One honest asterisk: the “recoverable” reader is a supervised probe while the logit
lens is untrained, so a few layers of head start is partly expected (essentially why the
tuned lens4 exists) and the gap shrinks against a learned lens.
Refuse-vs-comply AUC by layer. Recoverable (blue), a linear read of the
residual stream, crosses 0.9 at layer 9; readable (violet), the same
decision via the logit lens, only catches up at layer 16. The shaded band is the gap between
deciding and showing.
2. Catch a jailbreak before it lands
Train the endpoint reader on clean text only, so it learns where a normal prompt’s residual lands.
Then score a live activation by how far it sits from that clean destination: because the reader only
ever saw well-behaved prompts, a successful jailbreak, whose true endpoint is off that
manifold, leaves a large reconstruction residual. That signal separates successful jailbreaks2
from refused ones at ~0.93 stratified AUC essentially from the first layers,
with no labelled jailbreak examples. The Mahalanobis-to-clean-manifold baseline is near chance until the
back half of the network and only crosses the same 0.85 bar around layer 14.

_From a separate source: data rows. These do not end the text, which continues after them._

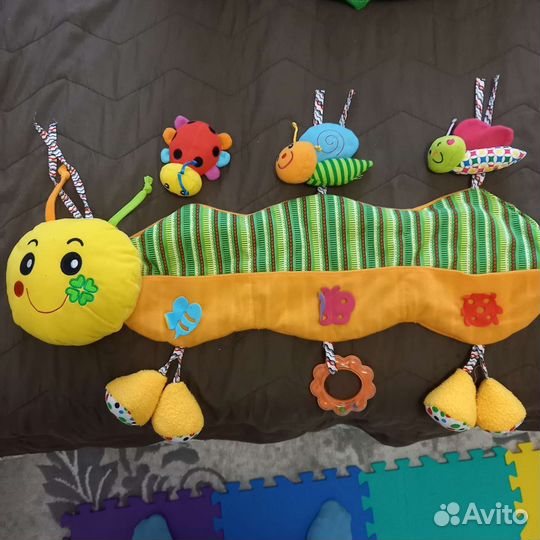 Органайзер на детскую кроватку с игрушками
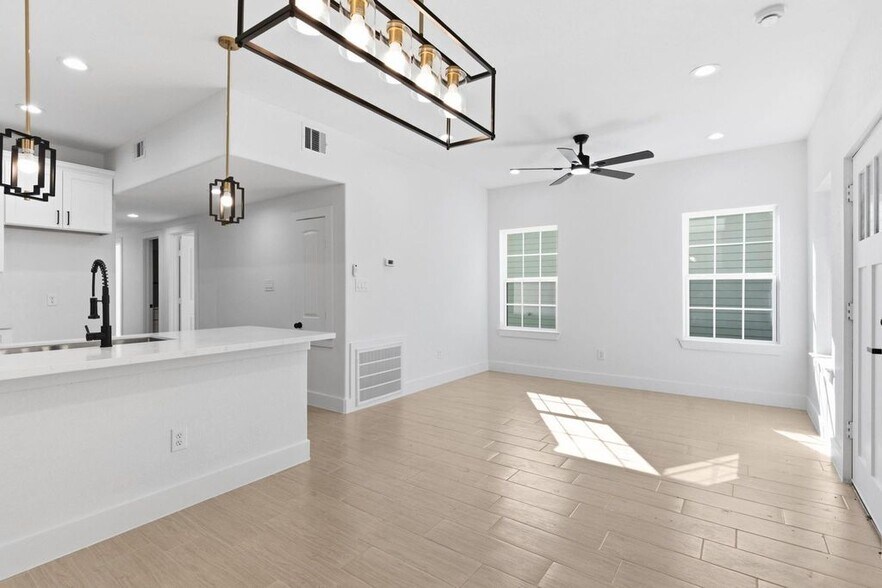 More Photos Of 428 Rhode Island st, Houston Apartments For Sale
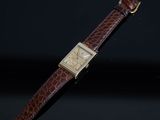 Gros plan sur une montre-bracelet avec un bracelet marron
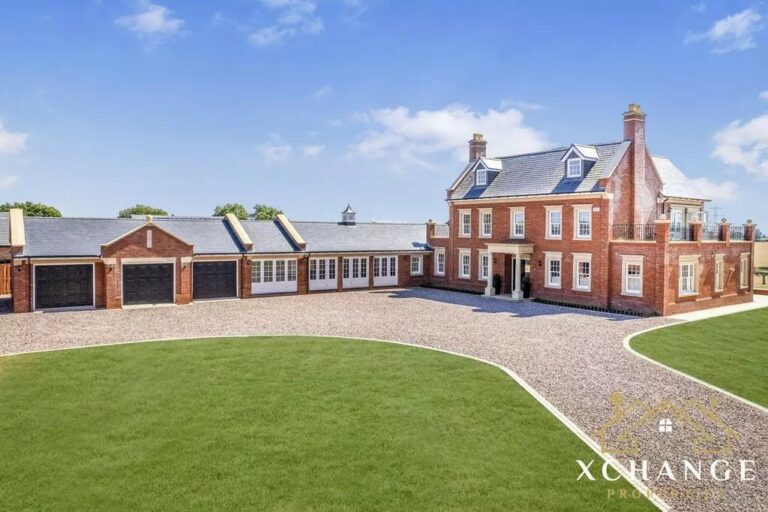Modern Luxury with Intelligent Control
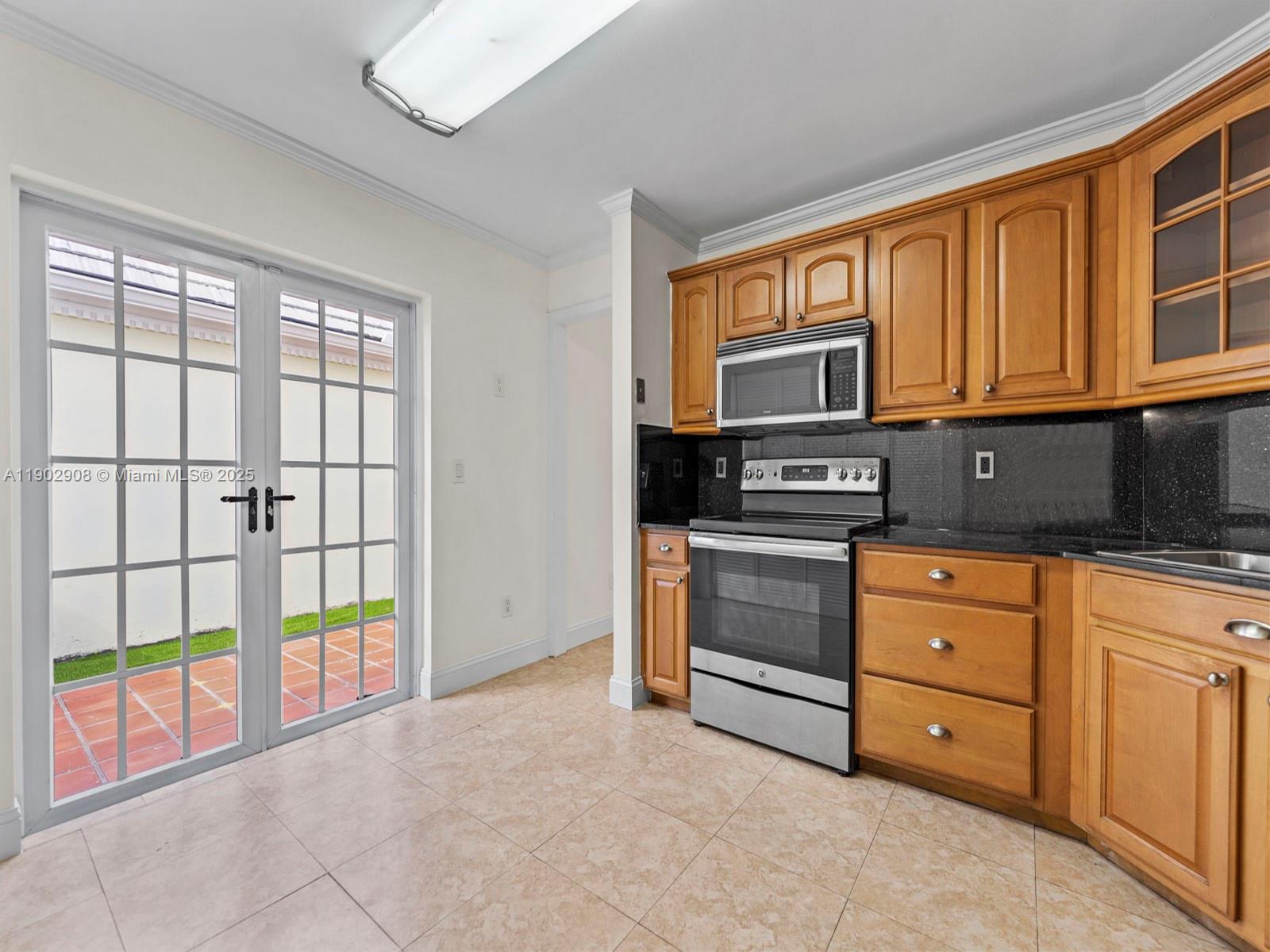 9947 NW 47th Ter, Doral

The two peaks are comparable (~0.95 either way), so the advantage is timing, not ceiling: a
usable signal layers earlier, early enough to abort generation before the harmful span is produced.
Family-stratified jailbreak-success AUC. The endpoint residual (blue) is informative from the first
layers; Mahalanobis (violet) is near chance through the early and middle layers and only reaches
AUC 0.85 around layer 14. The peaks are comparable (~0.95 either way); the win is far
earlier warning, on 600 prompts with no labelled positives.
What we showed
Endpoint coordinates. Read the residual stream as a flow toward the model’s
final state hL, rather than as a stack of static snapshots.
Token mixing transports, MLP refines (a framing). Read this way, the cross-token
step does most of the moving toward the answer while MLP sublayers refine in place; the real
Qwen3.5-2B trajectories show related prompts tracing near-parallel paths. Two hedges: the emphasis
is contested by the factual-recall literature3, and Qwen3.5-2B is a hybrid where only about a quarter
of the mixing layers use the softmax attention drawn in the cartoon. Treat it as a lens, not a verdict.
Recoverable before readable. A refusal is linearly decodable at layer 9 but
only readable through the logit lens at layer 16: the answer is linearly present in the residual
stream roughly a third of the depth before the model writes it out (with the supervised-vs-untrained
caveat noted in Section 1).
Early jailbreak warning. The endpoint reconstruction residual flags
successful jailbreaks from layer 0 (~0.93 AUC, no labelled positives), about
14 layers earlier than the Mahalanobis baseline: early enough to abort generation.
Data. The safety results use harmful and benign goals from
JailbreakBench2, a public benchmark, each wrapped in five
jailbreak families; refuse-vs-comply labels come from the model’s own greedy behavior. The
trajectory demos use matched country-to-capital prompts.
Conclusion. Read a transformer in endpoint coordinates (where the
computation is heading, not just where it is) and a decision is often legible earlier than the output
reveals it. That single move powers both results here: the refusal gap and the early jailbreak alarm.
Take the asterisks seriously, a supervised reader against an untrained lens, a layer-0 jailbreak signal
that is partly lexical, and a hybrid model only partly described by the softmax-attention cartoon, and
the effects are more modest than any one-liner. But the direction, recoverable before readable, is real
and early enough to act on, whether to audit a decision or to stop it.